The last part of Professor Kearl’s final lecture focused on
the ultimate purposes or ends of a college education. In the language of economics, Kearl said, a university
has competitive advantages in only three areas: developing analytical, writing,
and quantitative skills (and to a degree, “aesthetic sensibilities” if you’re
lucky). That’s it. Sure, universities do a lot of other things—athletics,
and clubs, and social functions—but there are other organizations better suited
to those ends. At its
heart a college education is the training of one’s brain to analyze, compute, and communicate, to
develop one into a quickly trainable and retrainable fungible asset in an
ever-changing world.
And so, Kearl continued, the quality of your education
depends on you, and not on BYU. At any
number of universities you can get either a Mickey Mouse diploma or an Ivy
League education, depending on the classes you take and the effort you put in. It is your job to take on the disciplined
training of your brain through consistent hard effort. (This may have been the part of the lecture
that stuck with me most over these past 8 years. I felt compelled to take a full 18 credits
each semester because it.)
Finally, Kearl said that you will have cheated yourself if you leave school with a vocation, but not an avocation—with job skills but not
leisure skills. The work week is at 40
hours and dropping steadily; the vast majority of our lives will be spent in
non-work settings. What then, Kearl
asked, will you do with the lion’s share of your life? Because you are capable of far more than spending
it in front of the TV.
He continued: You should come out of school with two great
loves, and only one of those can be a spouse. Your second love can be any number of things—literature,
or music, or calculus, or science. For
Dr. Kearl, it was Gothic architecture.
As he described his personal “pilgrimage” to the Cathedral of Chartres,
it was clear that it was a—if not the—highlight of his life. (For me,
this was fitting because when I was in the throes of his extremely difficult
Econ 110 class, I had a nightmare in which Kearl was Archdeacon Frollo from The Hunchback of Notre Dame. Apropos,
non?) We should all be so fortunate to
find something for which we are equally passionate.

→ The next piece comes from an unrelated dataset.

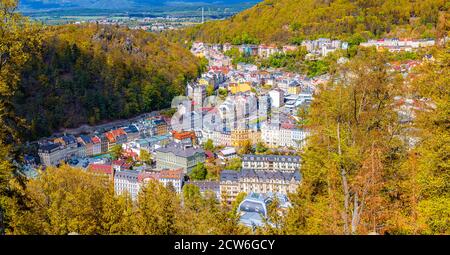 Karlovy Vary Stadt Luftpanorama mit bunten bunten bunten Gebäuden und Spa-Hotels in der Altstadt. Panorama von Karlsbad Stadt und Slavkov Wald Hügel mit Bäumen am Hang im Herbst Stockfoto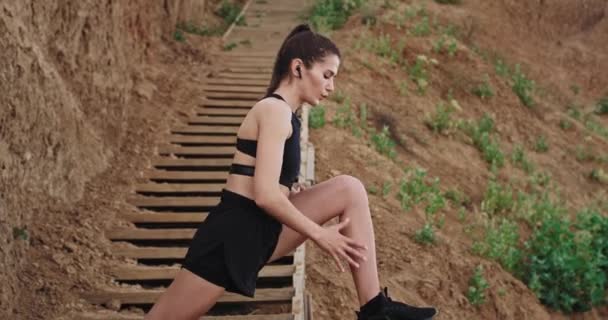 Details closeup good looking lady stretching her legs on wooden steps beside of big rocks in a good sunny day — Stock Video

The other day, my buddy Tigg was quoting a comedian who said: “I wish I loved anything as much as my kids love bubbles.” I have some vague notions about my “bubbles”—my Chartres— but I feel like I have a ways to go on that particular pilgrimage. And so as I leave college for the second time, secure in my employment, I find myself echoing Kearl’s question: To what will I dedicate the vast majority of my life?
2 comments:
Kearl lectures have more surprise twists than a M. Night Shamalamadingdong movie!

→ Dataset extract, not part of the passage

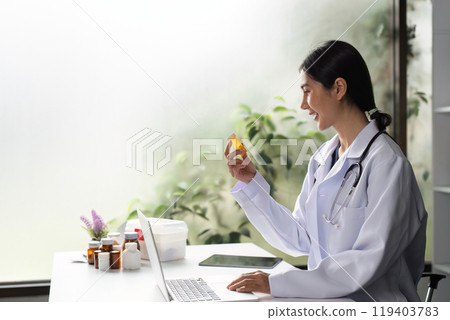 Female Doctor Providing Medical Advice with Medication in a Modern Office Setting 119403783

Russ, THANK YOU for documenting Kearl's final lecture! I have been thinking about it lately (I think I heard it 12 years ago) and when I looked it up, Google brought me here. The line I remember was on donating to good causes: "If you wait to give until you're rich enough, you'll never be rich enough to give." Or something along those lines. Anyway, it was great to revisit the rest of it. Thanks again.